# Directions:
Copy exactly the lines of the material below that fall between the line with "Woman sampling Indian food at restaurant" and the line with "Inviting home boasting", both of those lines included; pictures stay out.

# Material for the task:
=== Begin Enclosure ===

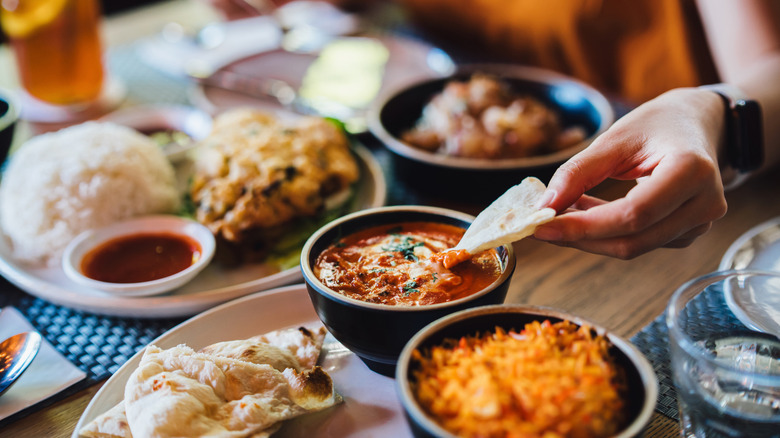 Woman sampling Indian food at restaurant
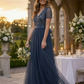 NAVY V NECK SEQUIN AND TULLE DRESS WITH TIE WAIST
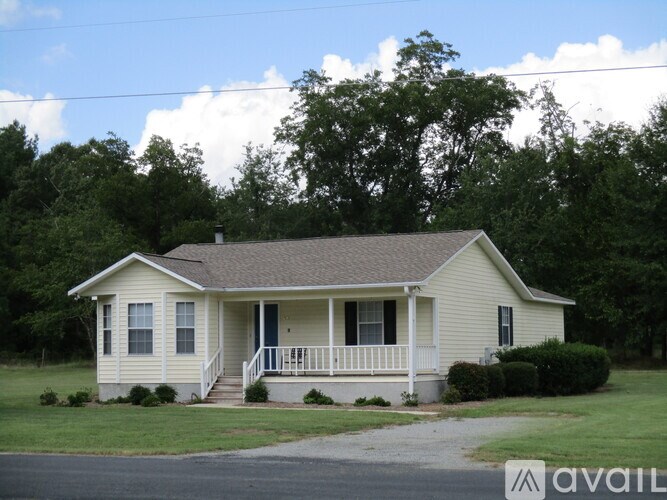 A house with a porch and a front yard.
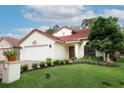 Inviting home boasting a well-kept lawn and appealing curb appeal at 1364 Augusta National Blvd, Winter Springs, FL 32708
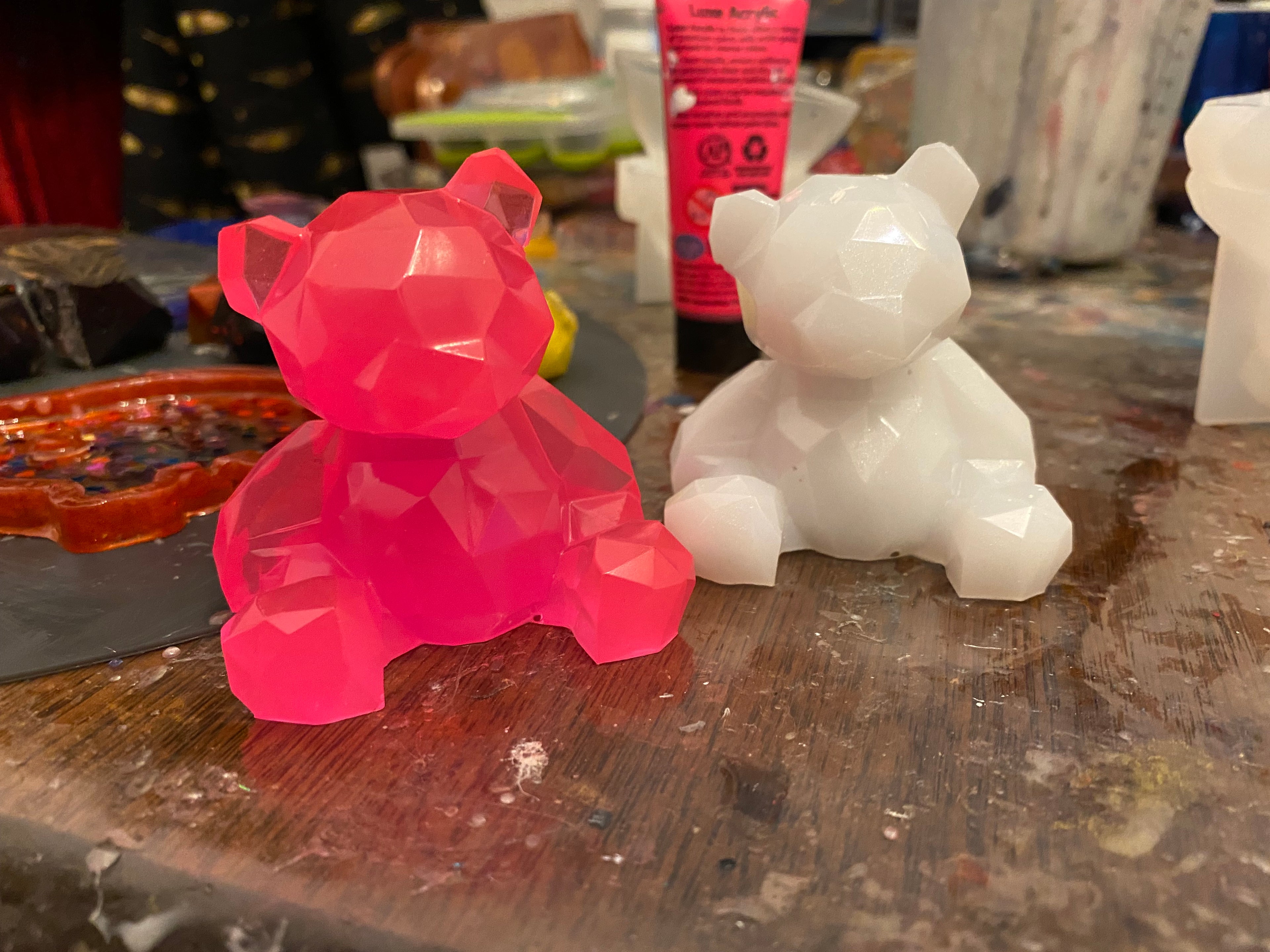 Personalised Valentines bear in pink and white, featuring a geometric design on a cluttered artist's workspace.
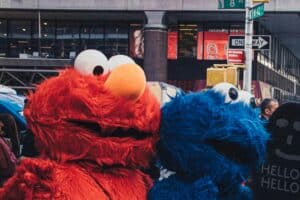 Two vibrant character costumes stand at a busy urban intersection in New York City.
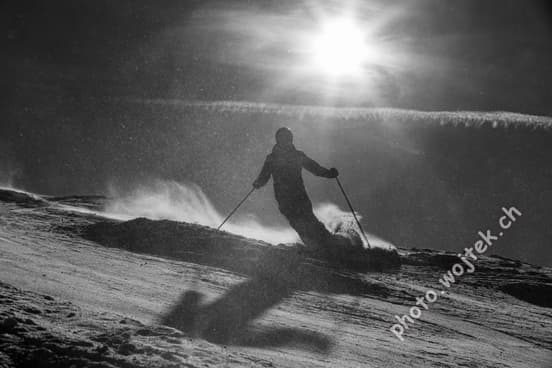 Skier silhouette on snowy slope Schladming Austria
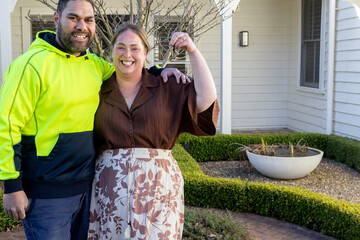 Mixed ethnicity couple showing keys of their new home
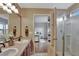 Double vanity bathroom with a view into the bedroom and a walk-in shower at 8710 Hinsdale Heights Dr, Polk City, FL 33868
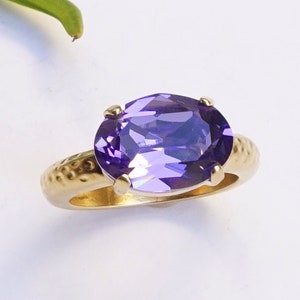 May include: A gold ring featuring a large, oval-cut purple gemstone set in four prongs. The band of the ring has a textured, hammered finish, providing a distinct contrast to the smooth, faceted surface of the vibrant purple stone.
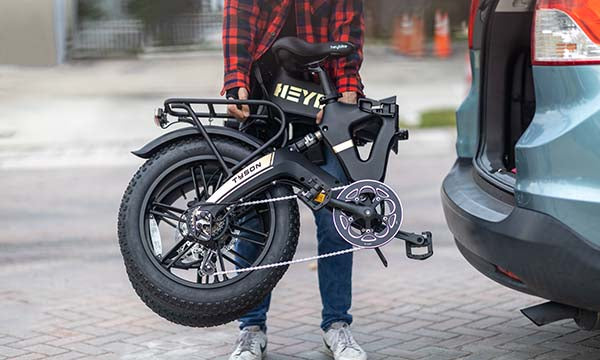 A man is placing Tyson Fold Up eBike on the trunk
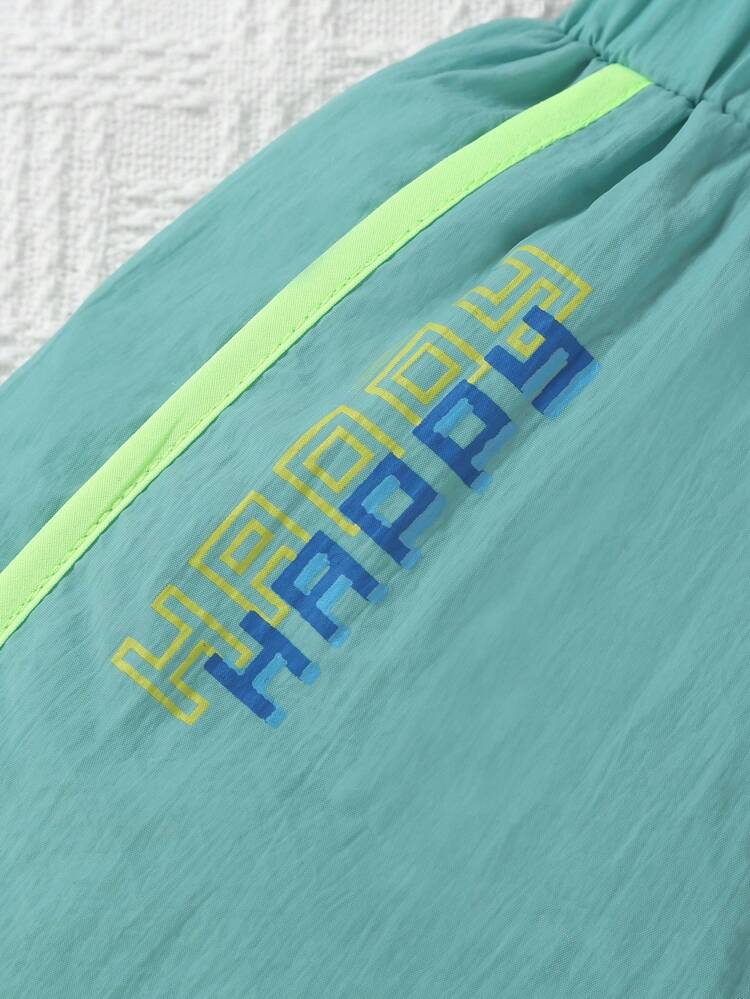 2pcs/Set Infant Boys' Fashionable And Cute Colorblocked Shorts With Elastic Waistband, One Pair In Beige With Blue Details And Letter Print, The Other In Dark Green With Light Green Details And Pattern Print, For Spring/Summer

=== End Enclosure ===
=== Begin Enclosure ===

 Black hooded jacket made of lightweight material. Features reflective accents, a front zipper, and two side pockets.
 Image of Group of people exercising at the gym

=== End Enclosure ===
=== Begin Enclosure ===

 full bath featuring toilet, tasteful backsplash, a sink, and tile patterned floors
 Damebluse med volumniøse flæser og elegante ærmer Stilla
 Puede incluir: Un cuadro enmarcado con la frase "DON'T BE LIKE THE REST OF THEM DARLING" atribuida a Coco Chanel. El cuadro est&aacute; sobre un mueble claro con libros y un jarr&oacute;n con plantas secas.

=== End Enclosure ===

# Task solution:
 Woman sampling Indian food at restaurant
 NAVY V NECK SEQUIN AND TULLE DRESS WITH TIE WAIST
 A house with a porch and a front yard.
 Inviting home boasting a well-kept lawn and appealing curb appeal at 1364 Augusta National Blvd, Winter Springs, FL 32708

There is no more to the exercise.